Drop every picture and copy exactly the lines from the one with "Spring Branch East" through the last line of the listing below.

◆ **Task inputs**

══════════

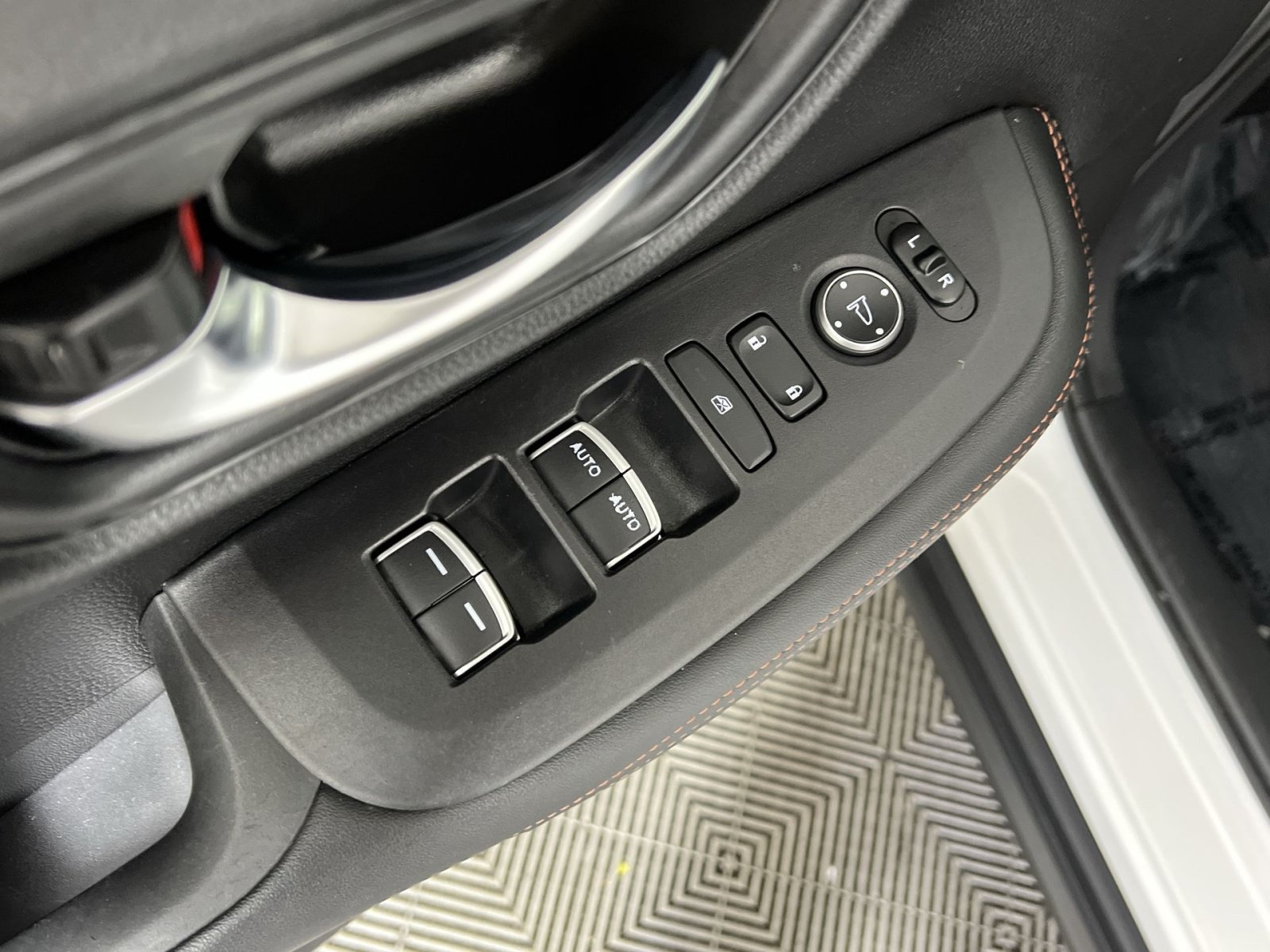 Used 2023 Honda HR-V Sport image 15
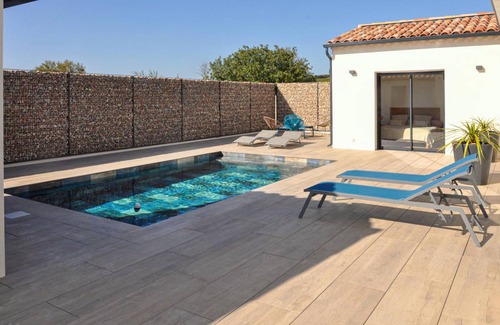 Bedarrides House | 85 m² House ∙ 2 bedrooms ∙ 4 guests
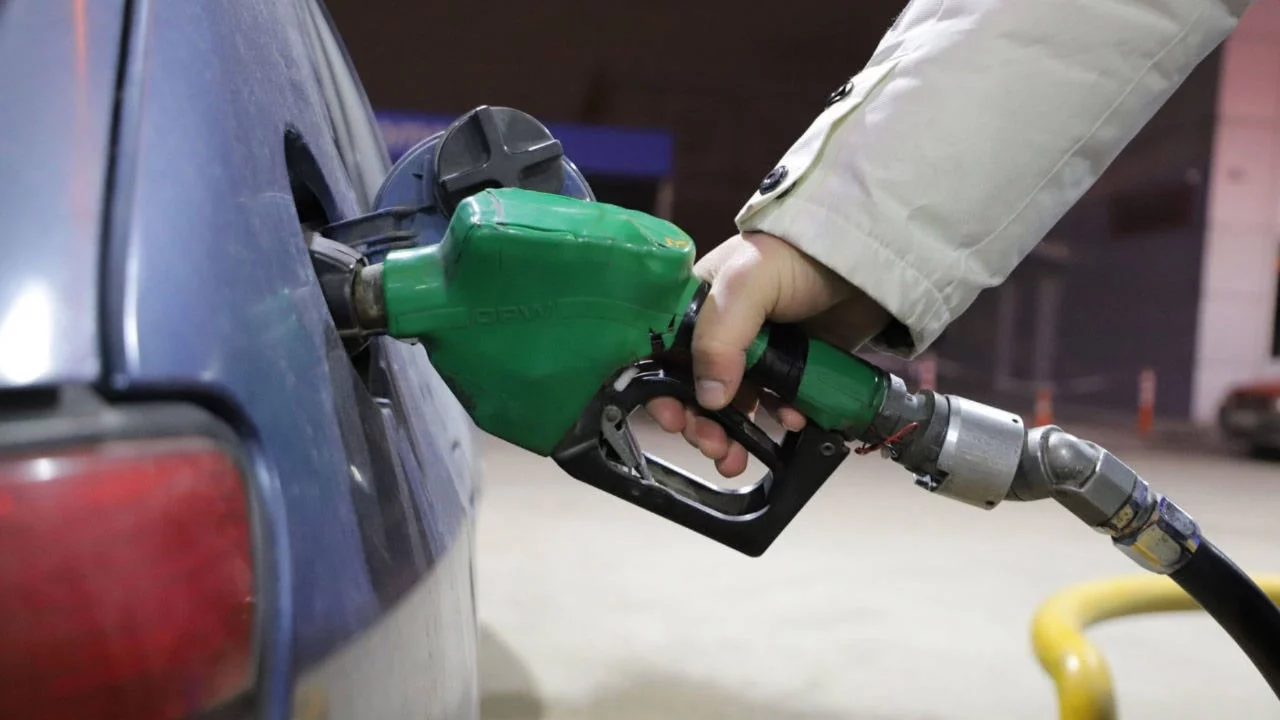 Akaryakıt fiyatları uçtu: Motorin 100 TL'ye koşuyor!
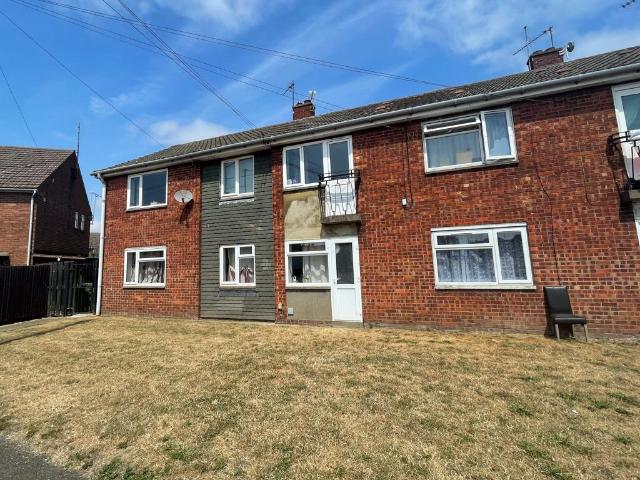 2 bedroom flat for sale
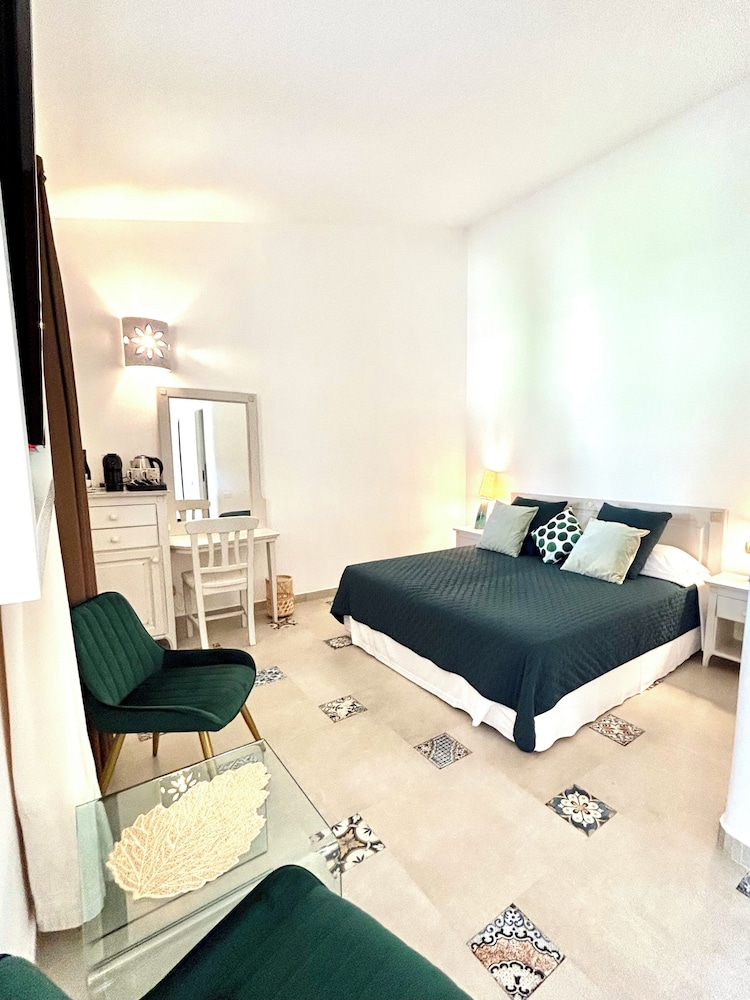 Deluxe Room - Photo 1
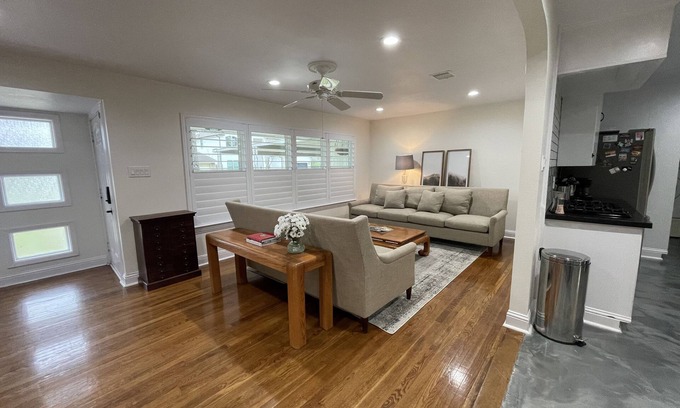 Spring Branch East House | Family-Friendly Hotel in Central Location with Spa & Breakfast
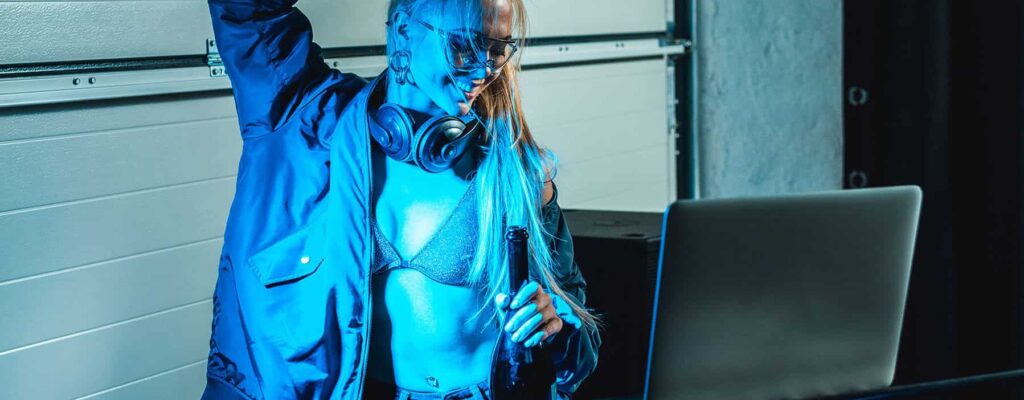 Famous DJ Agency - Social Media Online Famous DJ Agency - Social Media Online
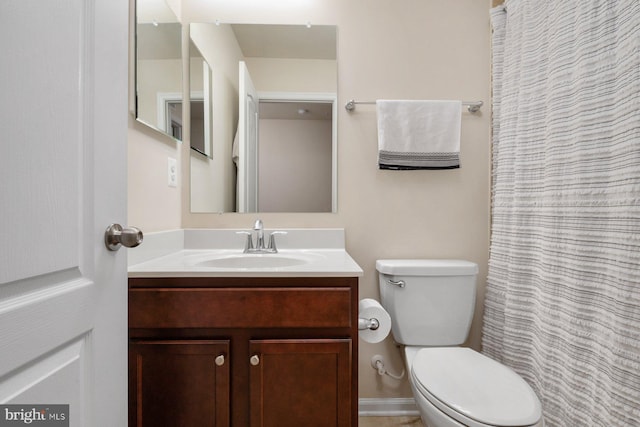 full bathroom featuring toilet, vanity, and a shower with curtain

══════════

◆ **Solution for this task**
 Spring Branch East House | Family-Friendly Hotel in Central Location with Spa & Breakfast
 Famous DJ Agency - Social Media Online Famous DJ Agency - Social Media Online
 full bathroom featuring toilet, vanity, and a shower with curtain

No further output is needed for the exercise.